Bleeding Out Your Game
A deer must have the blood let out thoroughly and as quickly as possible after the kill. If your animal is shot in the spine, or neck or above, that won’t be enough to rely on. Even if it has been shot in the chest or abdomen, the blood is still in the body. Cut the throat immediately after you get to a downed animal. A beginner can do a side-to-side cut at the base of the neck. Most hunters that have learned to butcher their own meat will usually cut upward from the breastbone. Place the animal’s head downhill, or hang it off a tree branch for the best release of blood.
Dressing (or Gutting) Deer
Remove the viscera as soon as possible, preferably while still in the woods. Removal of this material will keep your deer from spoiling and cool it down faster. Put the animal on its back, spread the legs, and tie its legs to whatever you can in the woods if you don’t have any help to hold the legs. Cut the animal open from neck to rear end.

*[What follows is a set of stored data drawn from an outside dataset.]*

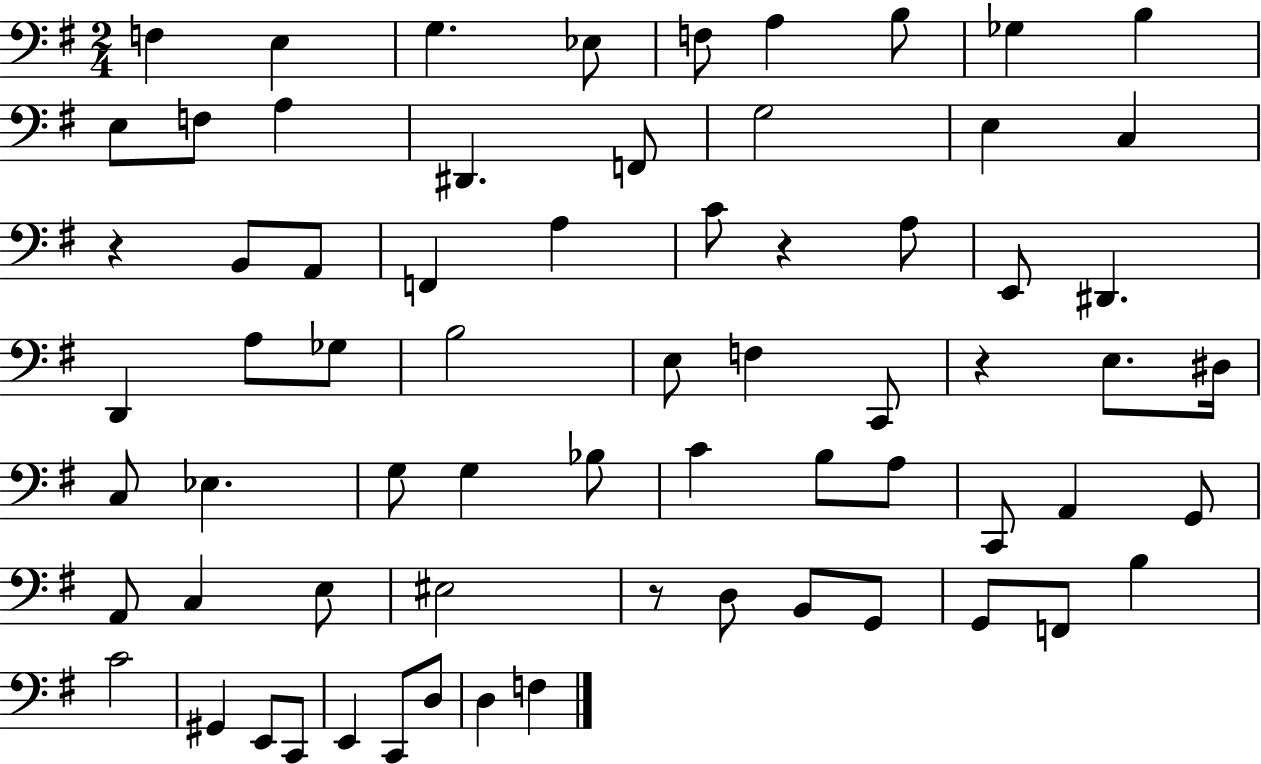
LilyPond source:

{
  \clef bass
  \numericTimeSignature
  \time 2/4
  \key g \major
  f4 e4 | g4. ees8 | f8 a4 b8 | ges4 b4 | \break e8 f8 a4 | dis,4. f,8 | g2 | e4 c4 | \break r4 b,8 a,8 | f,4 a4 | c'8 r4 a8 | e,8 dis,4. | \break d,4 a8 ges8 | b2 | e8 f4 c,8 | r4 e8. dis16 | \break c8 ees4. | g8 g4 bes8 | c'4 b8 a8 | c,8 a,4 g,8 | \break a,8 c4 e8 | eis2 | r8 d8 b,8 g,8 | g,8 f,8 b4 | \break c'2 | gis,4 e,8 c,8 | e,4 c,8 d8 | d4 f4 | \break \bar "|."
} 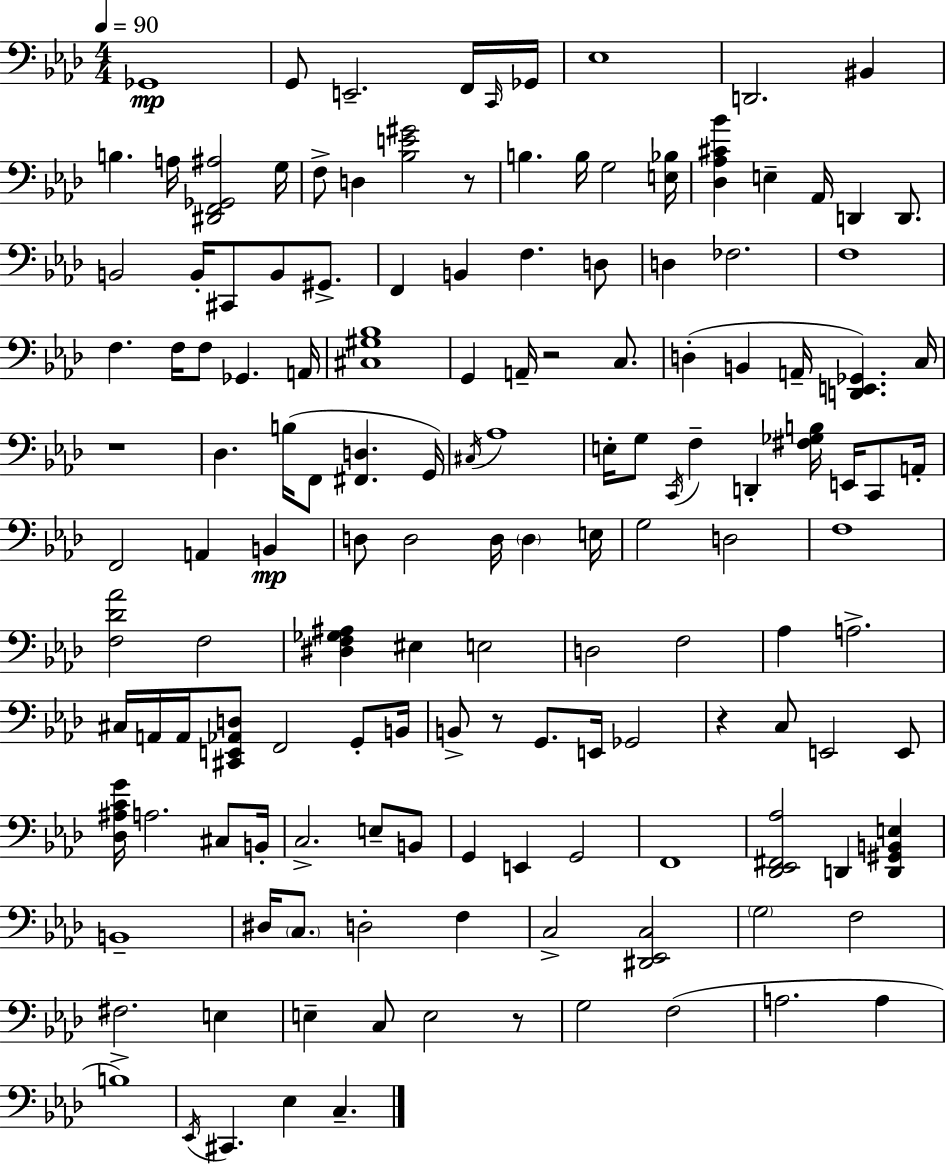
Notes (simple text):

Gb2/w G2/e E2/h. F2/s C2/s Gb2/s Eb3/w D2/h. BIS2/q B3/q. A3/s [D#2,F2,Gb2,A#3]/h G3/s F3/e D3/q [Bb3,E4,G#4]/h R/e B3/q. B3/s G3/h [E3,Bb3]/s [Db3,Ab3,C#4,Bb4]/q E3/q Ab2/s D2/q D2/e. B2/h B2/s C#2/e B2/e G#2/e. F2/q B2/q F3/q. D3/e D3/q FES3/h. F3/w F3/q. F3/s F3/e Gb2/q. A2/s [C#3,G#3,Bb3]/w G2/q A2/s R/h C3/e. D3/q B2/q A2/s [D2,E2,Gb2]/q. C3/s R/w Db3/q. B3/s F2/e [F#2,D3]/q. G2/s C#3/s Ab3/w E3/s G3/e C2/s F3/q D2/q [F#3,Gb3,B3]/s E2/s C2/e A2/s F2/h A2/q B2/q D3/e D3/h D3/s D3/q E3/s G3/h D3/h F3/w [F3,Db4,Ab4]/h F3/h [D#3,F3,Gb3,A#3]/q EIS3/q E3/h D3/h F3/h Ab3/q A3/h. C#3/s A2/s A2/s [C#2,E2,Ab2,D3]/e F2/h G2/e B2/s B2/e R/e G2/e. E2/s Gb2/h R/q C3/e E2/h E2/e [Db3,A#3,C4,G4]/s A3/h. C#3/e B2/s C3/h. E3/e B2/e G2/q E2/q G2/h F2/w [Db2,Eb2,F#2,Ab3]/h D2/q [D2,G#2,B2,E3]/q B2/w D#3/s C3/e. D3/h F3/q C3/h [D#2,Eb2,C3]/h G3/h F3/h F#3/h. E3/q E3/q C3/e E3/h R/e G3/h F3/h A3/h. A3/q B3/w Eb2/s C#2/q. Eb3/q C3/q. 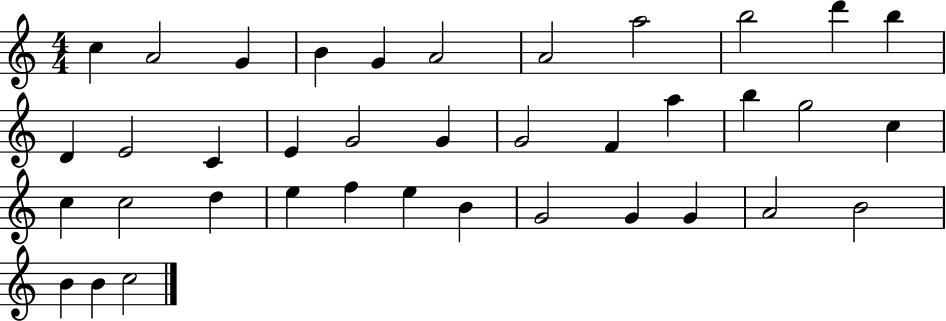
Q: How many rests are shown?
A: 0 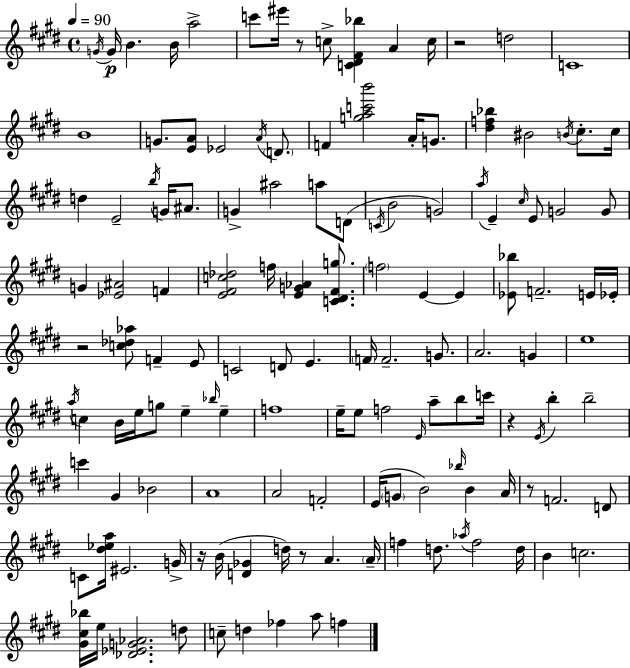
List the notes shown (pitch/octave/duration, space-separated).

G4/s G4/s B4/q. B4/s A5/h C6/e EIS6/s R/e C5/e [C4,D#4,F#4,Bb5]/q A4/q C5/s R/h D5/h C4/w B4/w G4/e. [E4,A4]/e Eb4/h A4/s D4/e. F4/q [G5,A5,C6,B6]/h A4/s G4/e. [D#5,F5,Bb5]/q BIS4/h B4/s C#5/e. C#5/s D5/q E4/h B5/s G4/s A#4/e. G4/q A#5/h A5/e D4/e C4/s B4/h G4/h A5/s E4/q C#5/s E4/e G4/h G4/e G4/q [Eb4,A#4]/h F4/q [E4,F#4,C5,Db5]/h F5/s [E4,G4,Ab4]/q [C4,D#4,F#4,G5]/e. F5/h E4/q E4/q [Eb4,Bb5]/e F4/h. E4/s Eb4/s R/h [C5,Db5,Ab5]/e F4/q E4/e C4/h D4/e E4/q. F4/s F4/h. G4/e. A4/h. G4/q E5/w A5/s C5/q B4/s E5/s G5/e E5/q Bb5/s E5/q F5/w E5/s E5/e F5/h E4/s A5/e B5/e C6/s R/q E4/s B5/q B5/h C6/q G#4/q Bb4/h A4/w A4/h F4/h E4/s G4/e B4/h Bb5/s B4/q A4/s R/e F4/h. D4/e C4/e [D#5,Eb5,A5]/s EIS4/h. G4/s R/s B4/s [D4,Gb4]/q D5/s R/e A4/q. A4/s F5/q D5/e. Ab5/s F5/h D5/s B4/q C5/h. [G#4,C#5,Bb5]/s E5/s [Db4,Eb4,G4,Ab4]/h. D5/e C5/e D5/q FES5/q A5/e F5/q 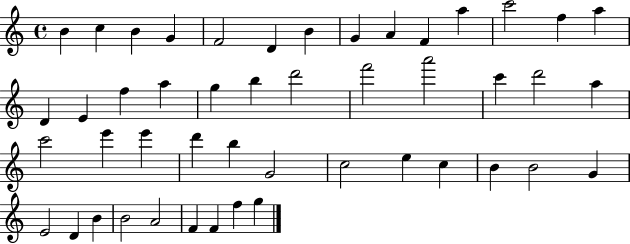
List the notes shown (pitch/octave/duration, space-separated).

B4/q C5/q B4/q G4/q F4/h D4/q B4/q G4/q A4/q F4/q A5/q C6/h F5/q A5/q D4/q E4/q F5/q A5/q G5/q B5/q D6/h F6/h A6/h C6/q D6/h A5/q C6/h E6/q E6/q D6/q B5/q G4/h C5/h E5/q C5/q B4/q B4/h G4/q E4/h D4/q B4/q B4/h A4/h F4/q F4/q F5/q G5/q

In certain states, the sex organs must remain intact. If you’re hunting in one of those states, cut around the scrotum or mammary glands and leave that skin attached. The sex organs won’t hurt the flavor, but the scent glands could reinforce the gamey taste. They are located on the hind legs, just below the “knee,” facing the animal. Most people settle for the wild taste, but an experienced hunter will carefully remove them. Be careful with this. Secretions still on the hair or on the knife blade could get on your hands and contaminate the meat.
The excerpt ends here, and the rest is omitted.